Friday, February 1, 2008

Friday Misc

The usual this and that from another week in paradise -- if you're definition of paradise is a place where the temp stays below zero for days on end.

Anyway, new MinnPost story on the Theatre Unbound 24 Hour Play Project is online.

As are a couple of pieces at Lakeshore Weekly News.

Lost is back. The debut was dynamite -- full of the intrigue and real drama that has always marked the best episodes of the series. It followed through with a number of the major cliff hangers from last season, found a new way to divide the survivors, had some excellent scares and reminded me why Hurley has always been a favorite character. At the beginning, when he shouted "I'm one of the Oceanic Six" I knew we had a major mystery for the rest of the season -- who are the other three (Jack, Kate and Hurley are all in the "flash-forward" world) survivors, and what happened to the rest? For the first time, I'm cursing the writer's strike (well, more episodes of Pushing Up Daisies would have been nice) and hope it ends in time to get the rest of season 4.

For readers in Britain -- or Americans with, um, access -- the sequel to the terrific Life on Mars starts next week.

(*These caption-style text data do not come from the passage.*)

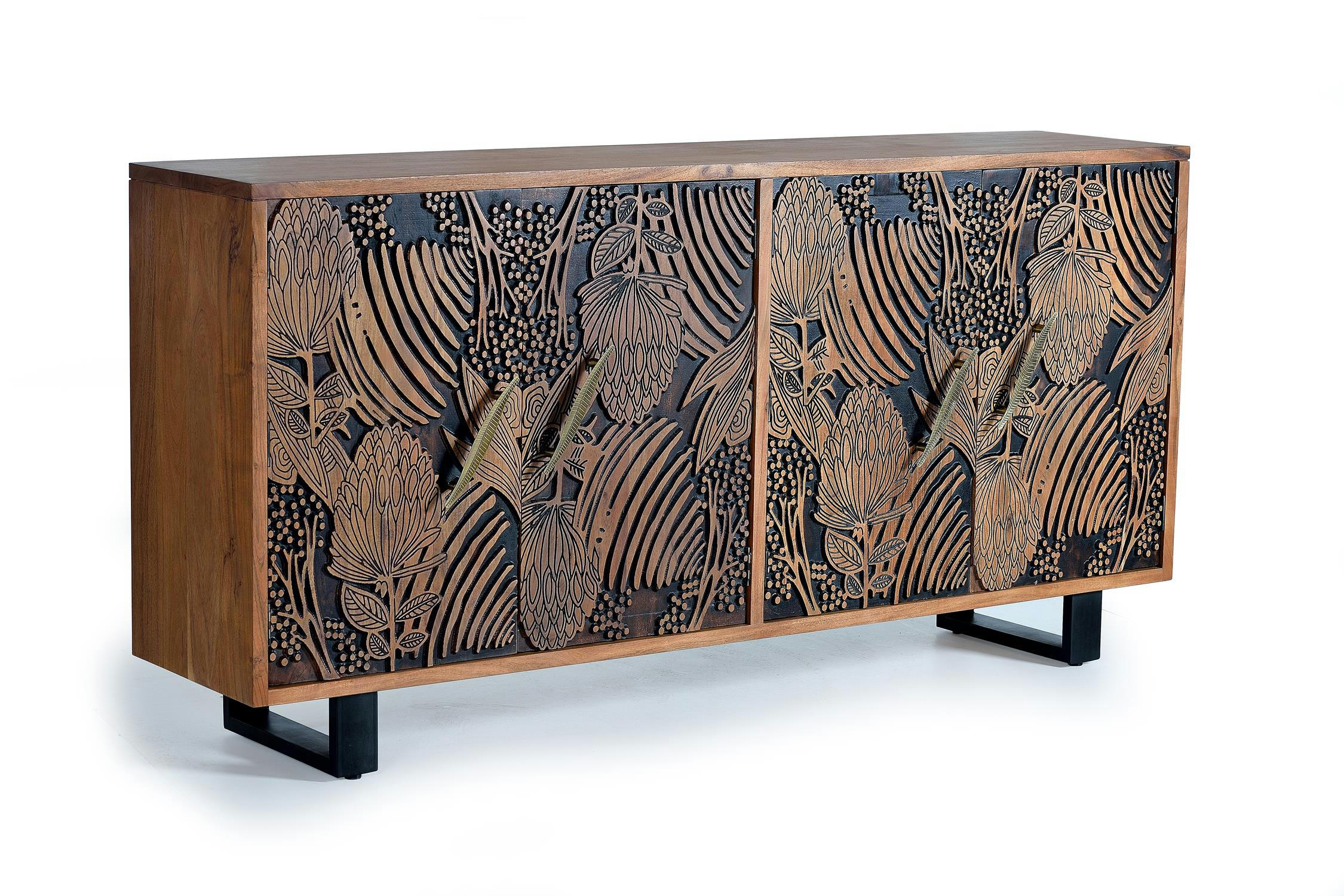 - Buffet en bois d'acacia sculptée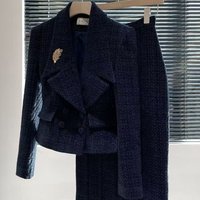 Spring Autumn New Fashion Tweed Set 2-Piece Elegant Office Formmal Suit Women Notch Collar Double Breasted Jacket+Midi Skirt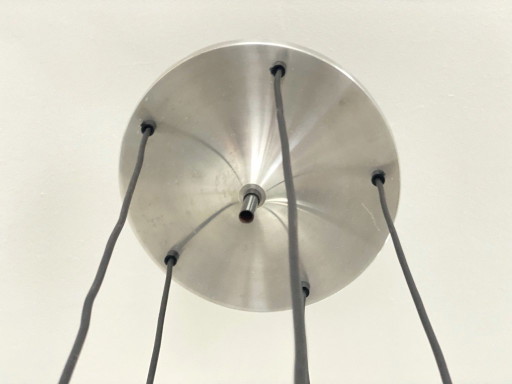 1x Suspension Cascade Vintage à 5 lumières – hanglampen, Glass, Metal (photo 2 of 6)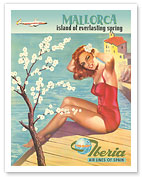 Mallorca, Spain - Island of Everlasting Spring - Iberia Air Lines - c. 1950's - Fine Art Prints & Posters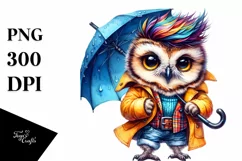 Happy Owl Model with Raincoat, Transparent PNG Product Image 3
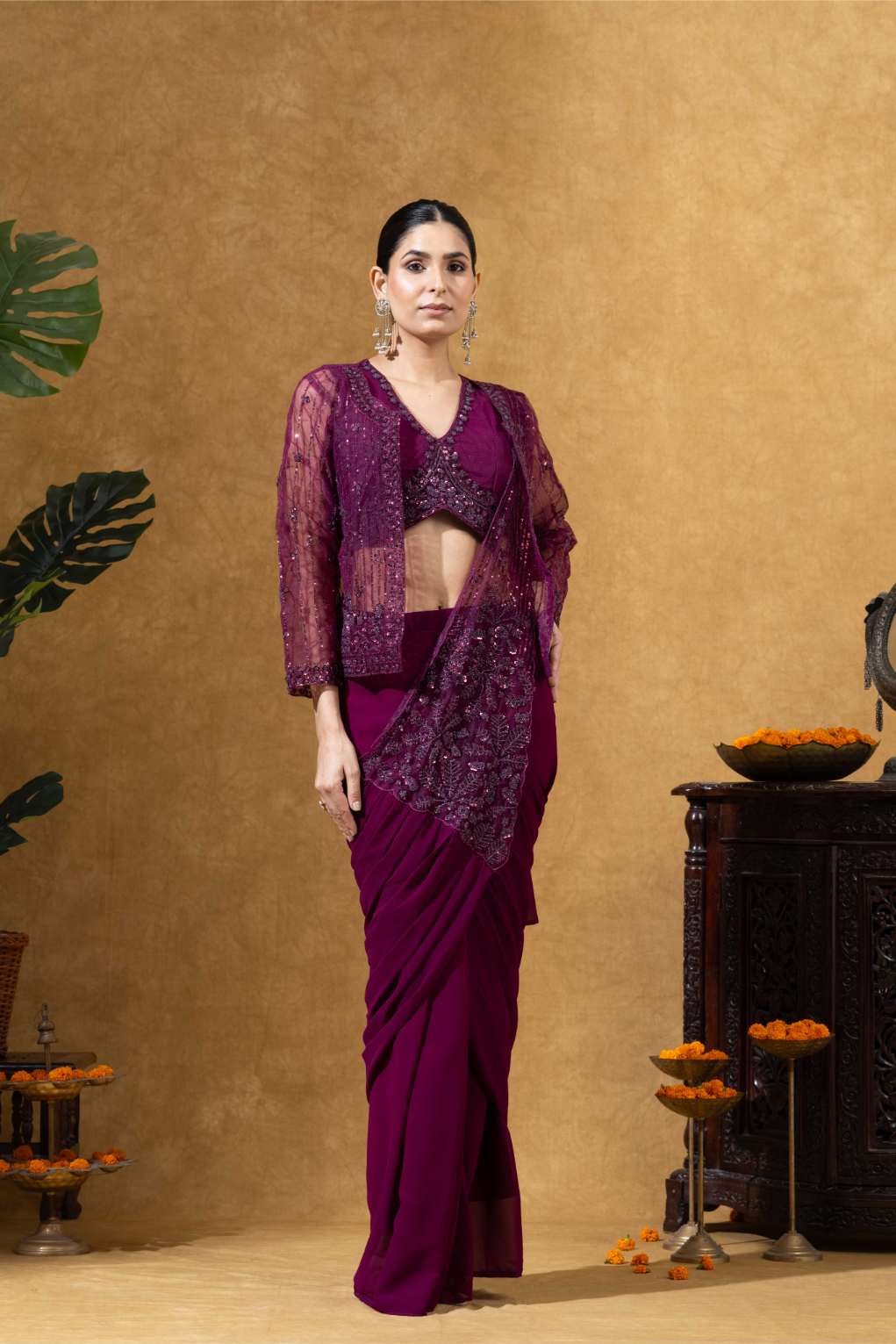 Embellished Draped Saree Set in Burgundy with Jacket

Ashes to Ashes (another David Bowie song) moves the action to 1980, has a number of the old Manchester cops, no Sam Tyler, but a new detective who "time travels" (i.e., gets a bump on the head and wakes up in the past) from modern day. The science-fiction hook was always secondary to the characters and the loving pastiche of old-school cop dramas. Hopefully that'll keep with an era that shouldn't seem so much like living on another world.

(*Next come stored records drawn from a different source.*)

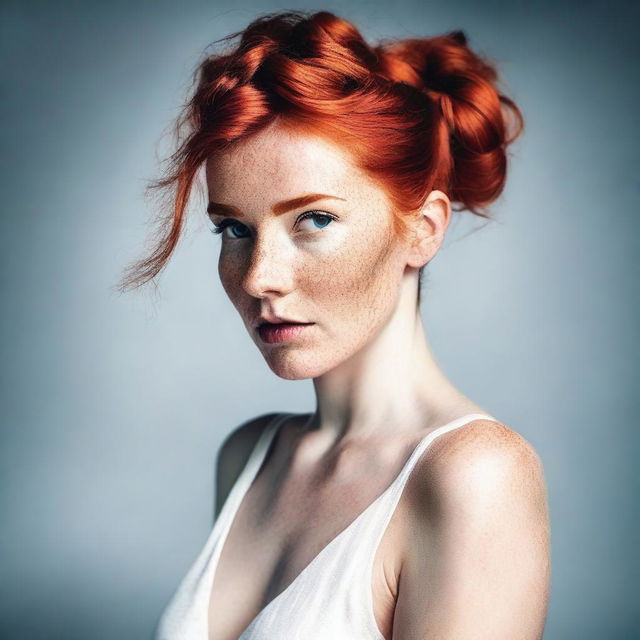 Create an image of a person with red hair styled in a good bun, wearing a long dress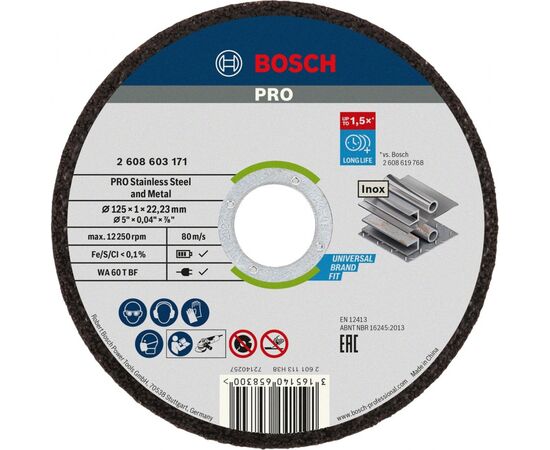 Круг отрезной Bosch Professional, для нержавеющей стали и металла, 125×1×22.23 mm (2.608.603.171)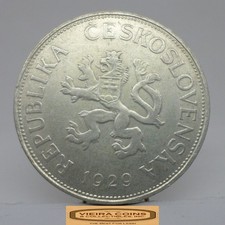 1929 Czechoslovakia Silver 5 Korun - #C54710NQ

And a bit (OK, more than a bit) of a musical obscurity this week:
Age The Scar of Lead
Japanese crusty four-piece that I really know nothing about except that they were part of the Amebix Japan comp a couple of years back and have a couple of eps floating around. This seven track mini-lp has tons of charms, from the raging, nearly out-of-control fury of the playing to the oddly translated English lyrics that make more sense the longer you read them ("The night full of wicked hearts attack on" is a prime example). Age even tackle Twisted Sister's Stay Hungry, which marks the first time something related to that band has been cool since 1983. I picked it up at my local punk rock shop, Extreme Noise. If you're interested, you will have to hunt -- the Internet didn't offer any band or label sites, but there were a smattering of places that sold the lp.